• What you will do:
A faithful retyping of every entry below is wanted, with images left out.

=== Begin Enclosure ===

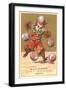 Boy Clown with Balls-null-Framed Art Print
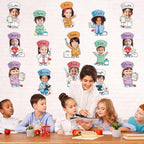 60pcs Nurse Theme DIY Cutouts Healthcare Bulletin Board Decorations Set Doctor - Image 5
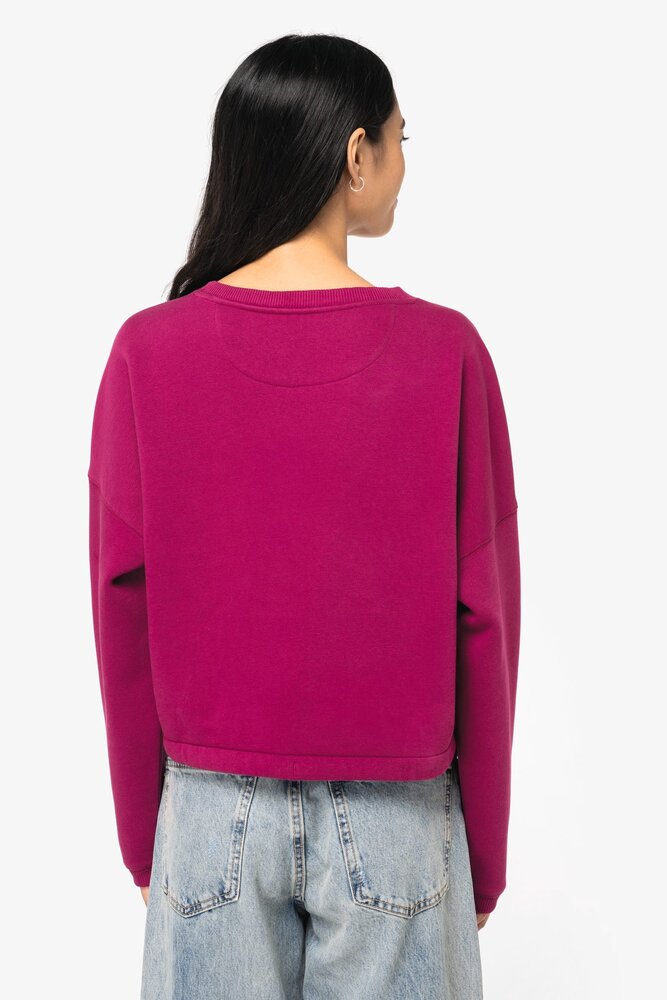 Native Spirit Native Spirit Cropped BIO Sweater│Dames│Top kwaliteit│Apricot Native Spirit Native Spirit Cropped BIO Sweater│Dames│Top kwaliteit│Apricot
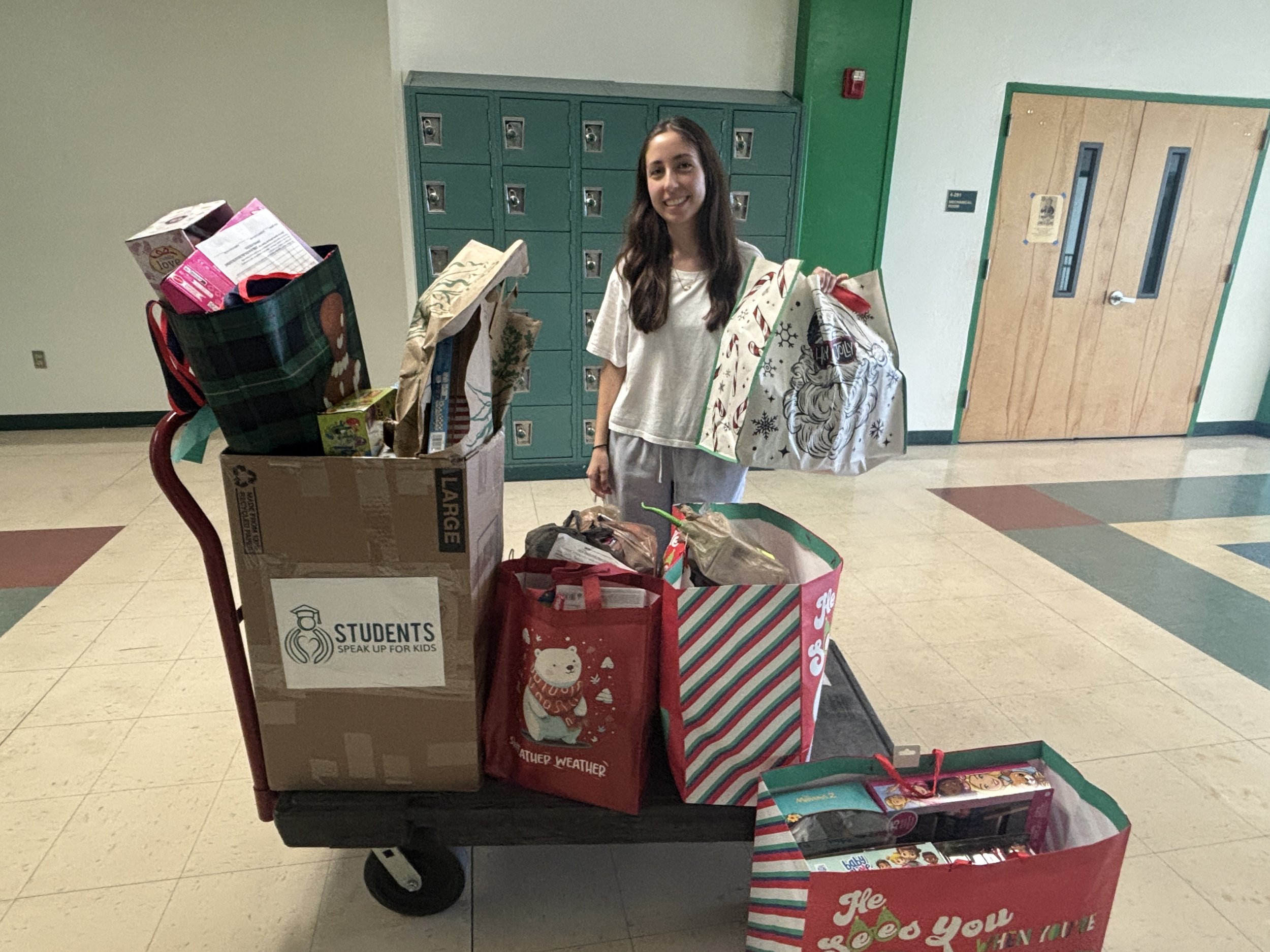 Jupiter High School STUDENTS Deliver Holiday Joy: Warriors Chapter Collects 72 Toys for Foster Youth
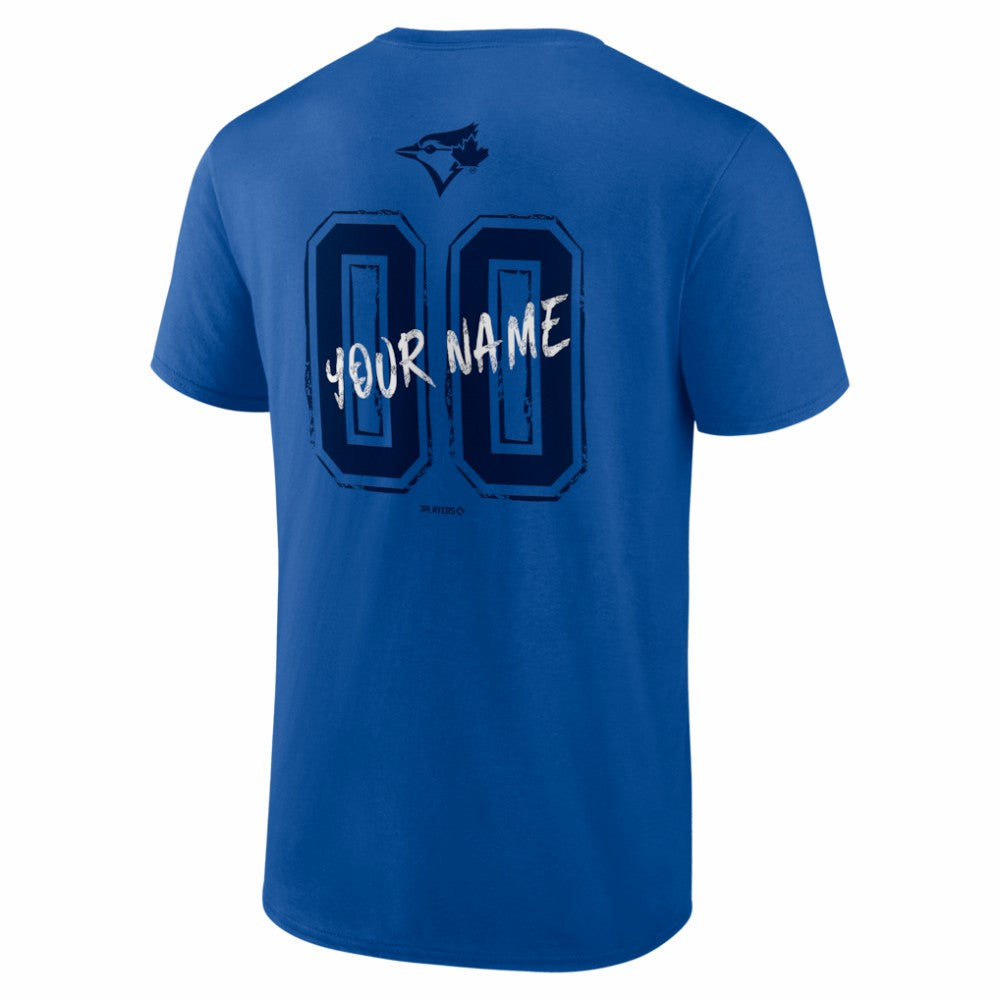 Toronto Blue Jays  Hustle Personalized Name & Number T-Shirt - Royal T-shirts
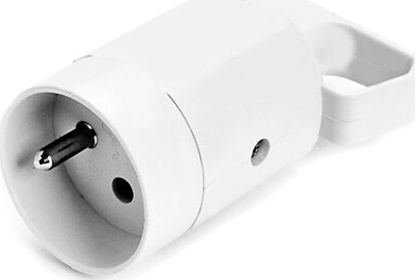 Attēls no ViPlast ViPlast Gniazdo przenone z uchwytem i uziemieniem 16A 250V biae 315-01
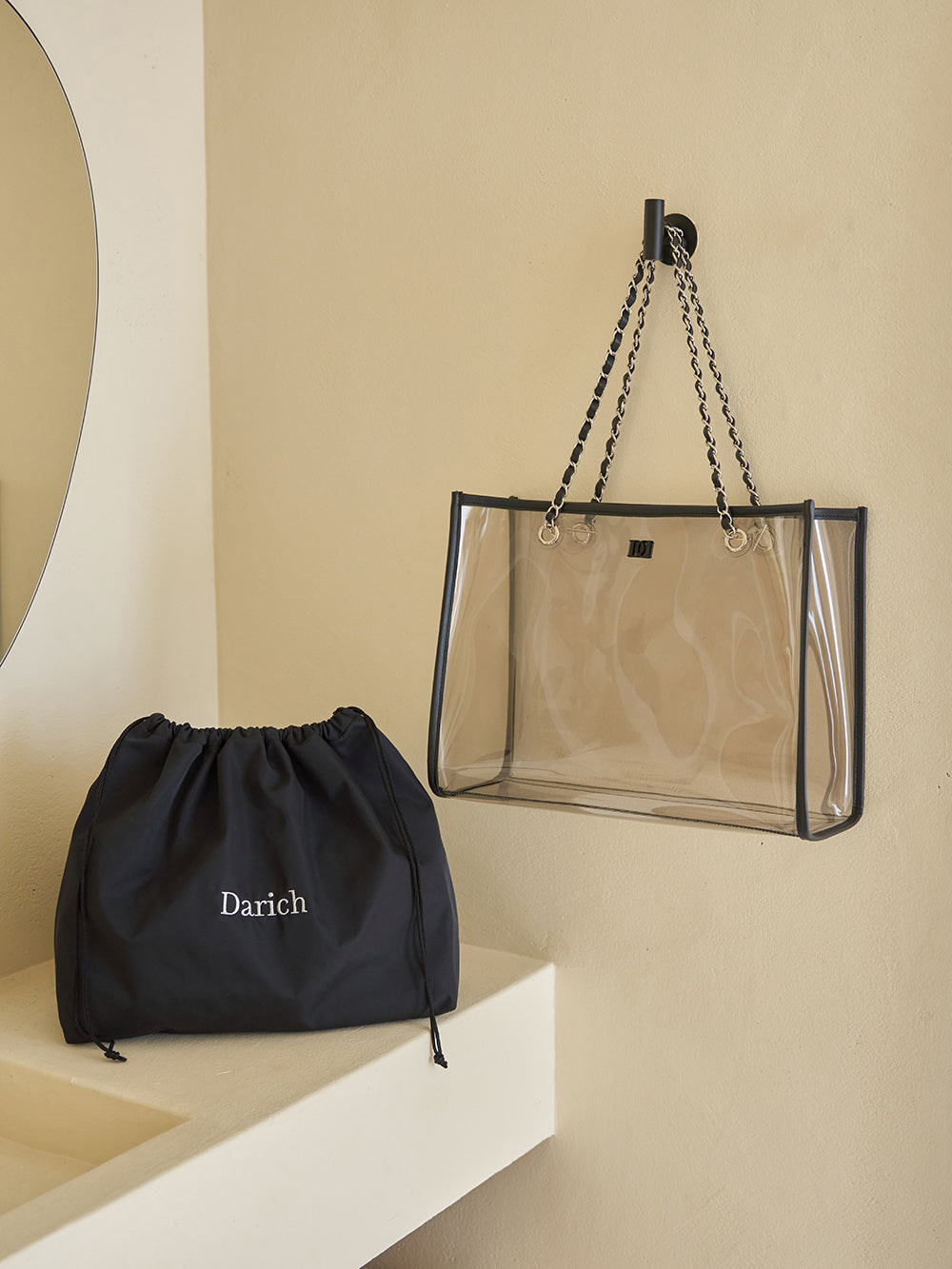 DDロゴクリアボストンバッグ – Darich (ダーリッチ)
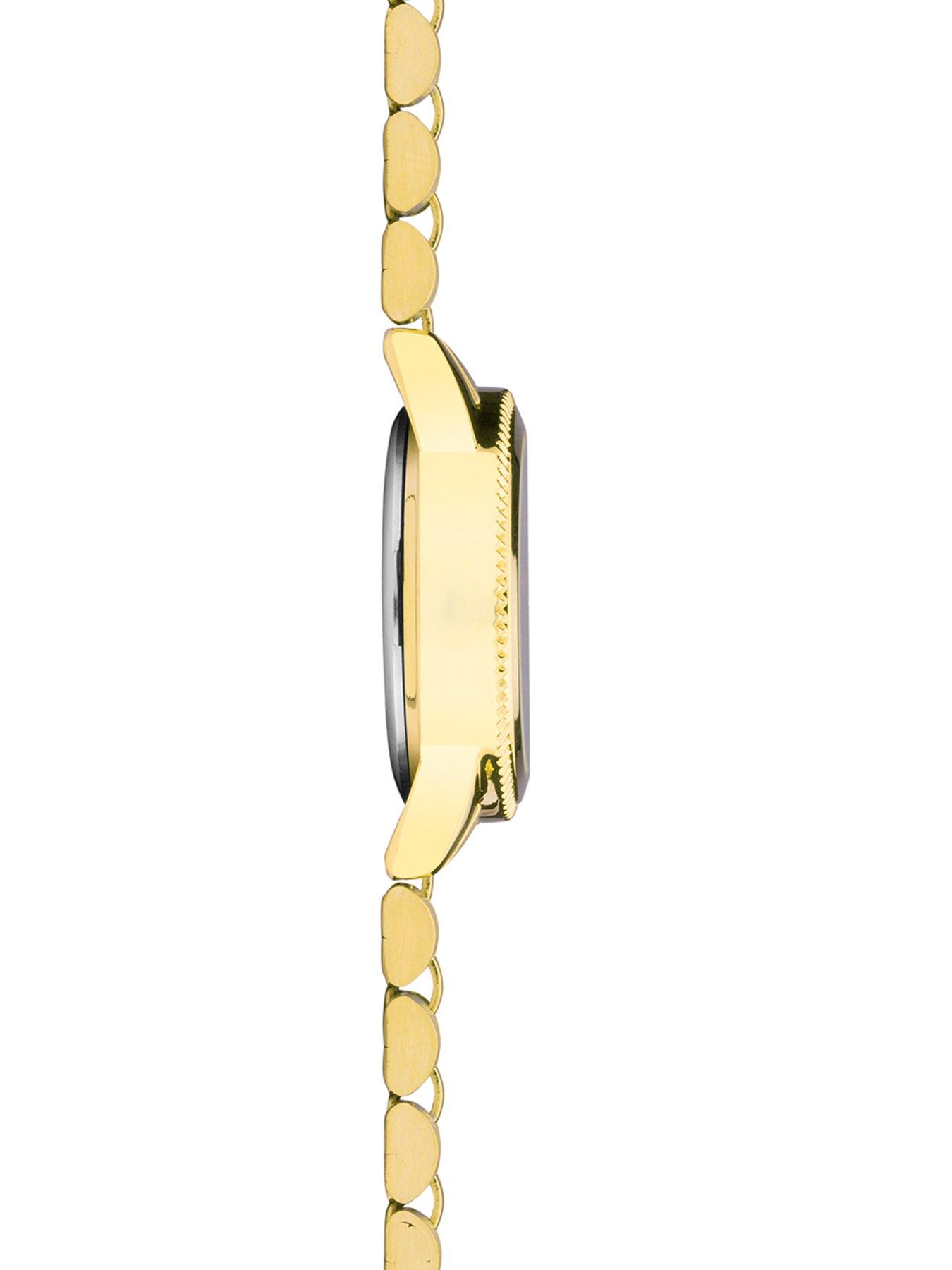Image 5 of 6 of Sekonda Womens Classic Stainless Steel Bracelet Watch With Champagne Dial Analogue Gift Set - Gold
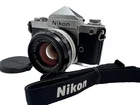 [EXC+5] Nikon F2 Eye Level Film Camera Silver & NIKKOR S.C Auto 50mm f1.4 Lens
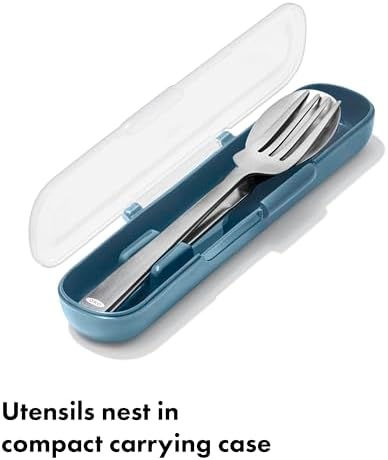 OXO Good Grips Prep and Go Utensils With Case - Ocean Blue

=== End Enclosure ===

• Result of the task:
 Boy Clown with Balls-null-Framed Art Print
 60pcs Nurse Theme DIY Cutouts Healthcare Bulletin Board Decorations Set Doctor - Image 5
 Native Spirit Native Spirit Cropped BIO Sweater│Dames│Top kwaliteit│Apricot Native Spirit Native Spirit Cropped BIO Sweater│Dames│Top kwaliteit│Apricot
 Jupiter High School STUDENTS Deliver Holiday Joy: Warriors Chapter Collects 72 Toys for Foster Youth
 Toronto Blue Jays  Hustle Personalized Name & Number T-Shirt - Royal T-shirts
 Attēls no ViPlast ViPlast Gniazdo przenone z uchwytem i uziemieniem 16A 250V biae 315-01
 DDロゴクリアボストンバッグ – Darich (ダーリッチ)
Image 5 of 6 of Sekonda Womens Classic Stainless Steel Bracelet Watch With Champagne Dial Analogue Gift Set - Gold
 [EXC+5] Nikon F2 Eye Level Film Camera Silver & NIKKOR S.C Auto 50mm f1.4 Lens
 OXO Good Grips Prep and Go Utensils With Case - Ocean Blue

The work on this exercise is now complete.